For both examples, we set number of epoch to 3 to demonstrate the concept

Step 4 (Prepare the tuning config)

Take a look at these example tuning configs:

  • For CIFAR-10 classifier model: examples/os2s/cifar10/cifar10_aws.py
    • Note "datasets" section of the configuration file - this is how we mount and use S3 bucket with our training set
  • For Simple language model: examples/pytorch/wlm/wlm_aws.py

Note that in both cases we set "num_evals": 3 and "num_workers": 1 for illustration purposes.

You might need to contact AWS support to increase the maximum number of P3 instances you can launch at a time.

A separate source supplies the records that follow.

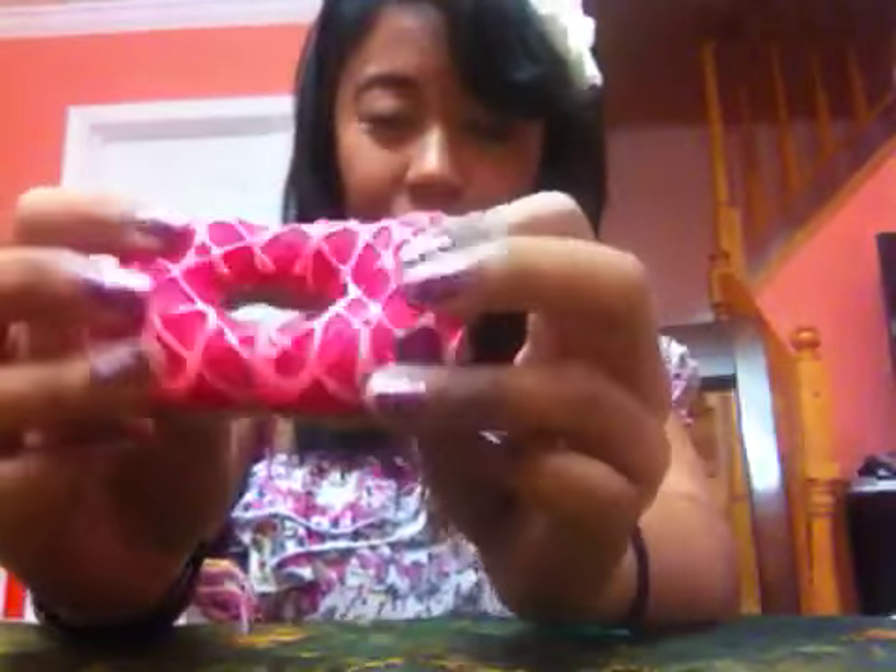Hey guys, so today I'm going to be showing you how to make these Rilakkuma plushies. It's basically inspired by the Rilakkuma donut, the squishy ones. So this is just a felt version.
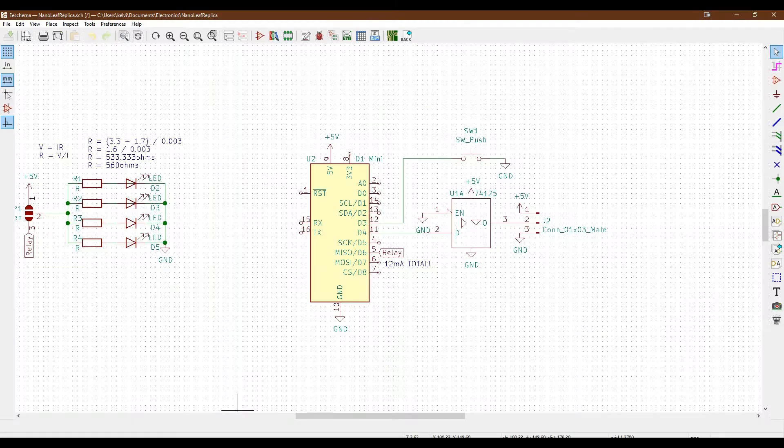Looking back at the circuit, the push switch is attached to D3 which is the GPIO pin we just identified. The switch itself is connected to the pin on one side and then connected to ground on the other. That's because this particular pin has its pull-up resistor activated, meaning it's being held high so that when you push the button it goes low - that's when the circuit identifies it's been pressed. This is a sort of active-low configuration.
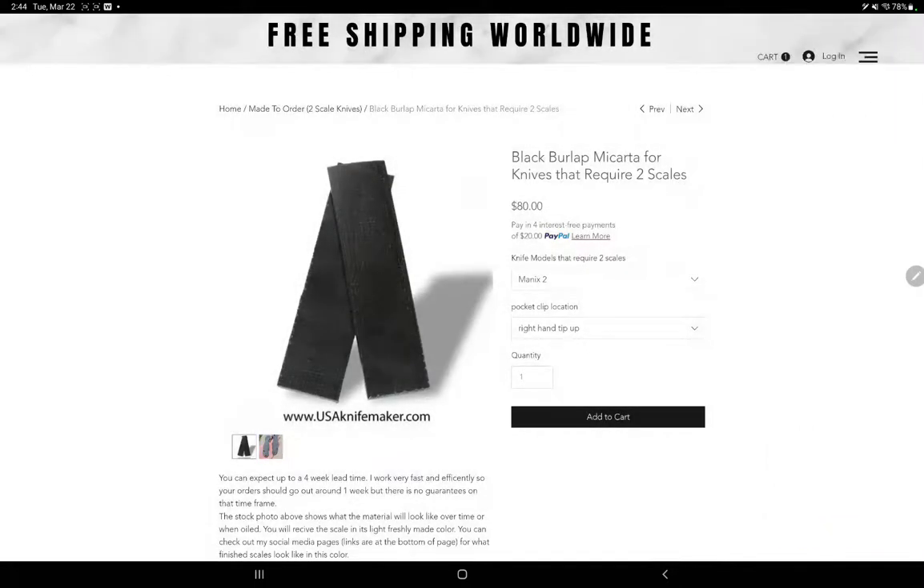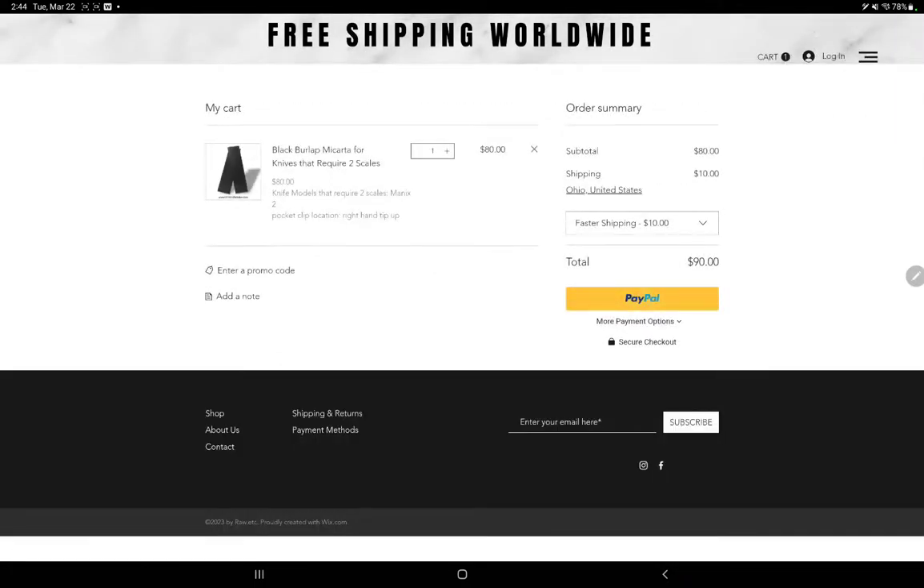View cart. This is where you can enter a promo code — if one is available it will be posted on social media. You can also add a note to your order, for example if you'd rather have left hand tip up instead of right hand tip up and that option wasn't available on the website, you can add it there.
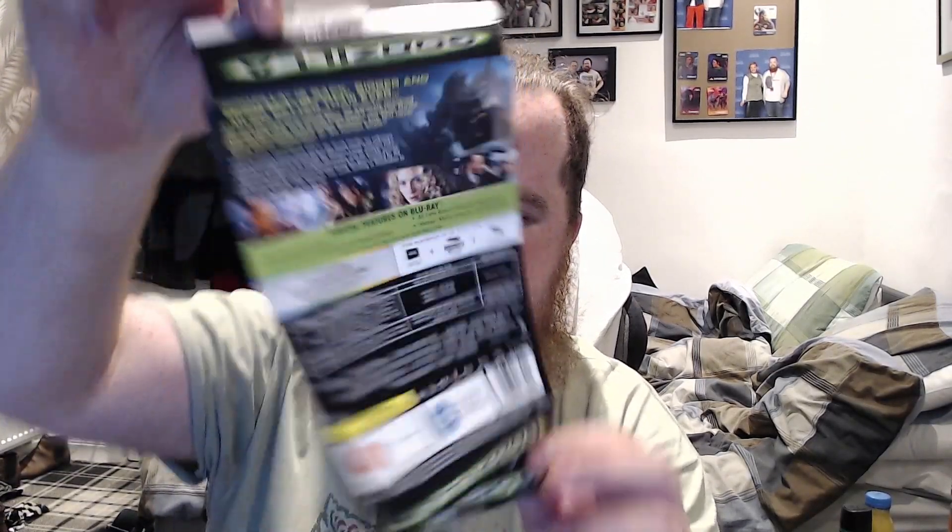So this is it without the plastic on it, and with the plastic on it. I'm going to peel it off. That's it — this has all the usual information on the pack: 4K, Blu-ray, special features, age rating — all of that. So that's the front of it, the back of it, and the sides.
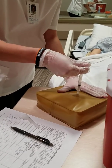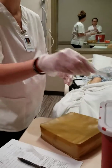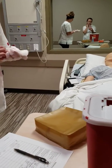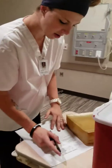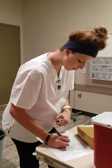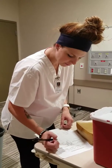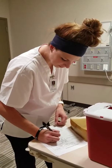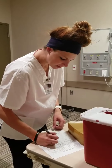Inject it slowly. Put the safety on. Dispose in the sharps container. Go ahead and document that we gave that at 1544 in his ventral gluteal area on the right side.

User predefined parameters

Before running any random search it is a good idea to test several configurations pre-defined by users. You can do it by including params_to_try_first section in your config. For example (from examples/pytorch/wlm/wlm_aws.py)

# These configurations will be tried first
params_to_try_first = {
  "--model": ["LSTM", "GRU"],
  "--emsize": [1504, 1504],
  "--nlayers": [2, 2],
  "--lr": [20, 25],
  "--bptt": [35, 35],
  "--clip": [0.25, 0.35],
  "--dropout": [0.2, 0.2],
}

The above dictionary defines 2 configurations which (one with LSTM and another one with GRU cells) which will be tried before RandomSearch algorithm starts.

Step 5 (Start tuning)

From the client machine run:

"Simple language model": python tune.py --config=examples/pytorch/wlm/wlm_aws.py --verbose 3

or "CIFAR-10 classifier model": python tune.py --config=examples/os2s/cifar10/cifar10_aws.py --verbose 3

Results

By default, the results will be saved in the file results.csv. They will be ordered with the top results first. Also, it will be updated on the fly, as results come in. If a job failed for whatever reason, it will be still logged in results.csv with inf as a result.